Introductory post: welcome!

July 3rd, 2008

Welcome to the Developer Creativity blog. This blog is about giving developers, who are technical almost by definition, a better understanding of what it takes to create successful products from a marketing perspective. Why would we do that? Better question: Why would they care? Because product development is in trouble and developers are the best ones to save it. Product failure rates are higher than ever. Hundreds of billions are wasted each year. As companies struggle to adjust, there are fewer resources for product development but greater pressure than ever to get products to market faster. The load is falling on small developer teams on the front lines. Fortunately, some companies are already figuring out how to deal with all this, and even turning it to their advantage. Part of the answer lies with new standardized processes that leverage the natural strengths of developers. And part of the answer lies with empowering developers with a few new tools that answer questions they had to wait for others to provide. We won't try to turn developers into marketers (it'd never work anyway), but instead show them the customer and business model leverage points most useful in shifting their position from a defensive one to one that is consistently innovating and creating profitable products people want.

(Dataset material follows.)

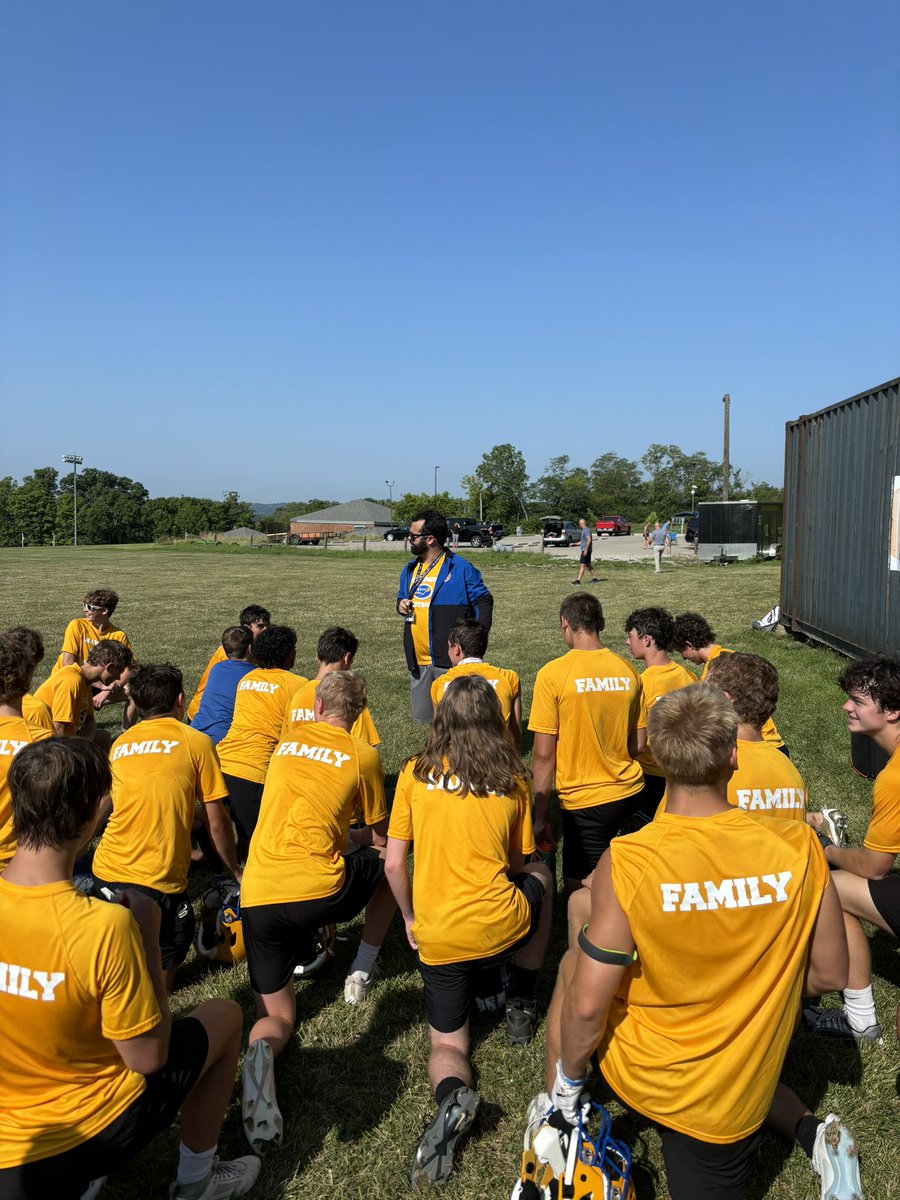 MariemontFB's tweet photo. Thank you to @CneRockets for coming out to @Mariemont_HS for a great morning of 7v7 competition!! 

Another step closer towards the season! Congrats to @TalonVianello and @GGeorgostathis on earning their helmet stripes off today!! Hard work pays off!

#faMily
#GoWarriors https://t.co/wE2X2Pl3FO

Careful how much you depend on patents

March 19th, 2008

You can't build a business on patents (well, you can, but then you'd be a patent troll). Patents can provide strong competitive barriers to entry in building a successful business, of course, but they are not the business. Besides, the patent landscape is changing for the worse. Recently, the Supreme Court has fundamentally changed the relationship between an inventor and an infringer. For 100 years, inventors, usually individuals or small companies, were given considerable leverage (if they had the money to stay the course) to keep others, usually big companies, from using their stuff without paying. Now, the leverage has shifted in no small way to big companies. From rulings over the last couple of years, it's easier now to show patents were "obvious," harder to enforce U.S. patents abroad, easier to attack patent validity, more difficult to get injunctions against continuing use (Wall Street Journal), and undoubtedly the list will go on. Big companies with lots of money can much more easily throw their weight around now. Why is this happening? To encourage innovation, is the official answer. But whether or not it is working depends on which side of the street you're on. The patent troll business seems to be growing and getting more organized (certainly more visible, with NTP Inc., getting $612 million from RIM), and that's fanning the flames of discussion. So unless you plan to be a patent troll, file patents as you go but keep the product itself on track and get it out fast. First to market has it rewards.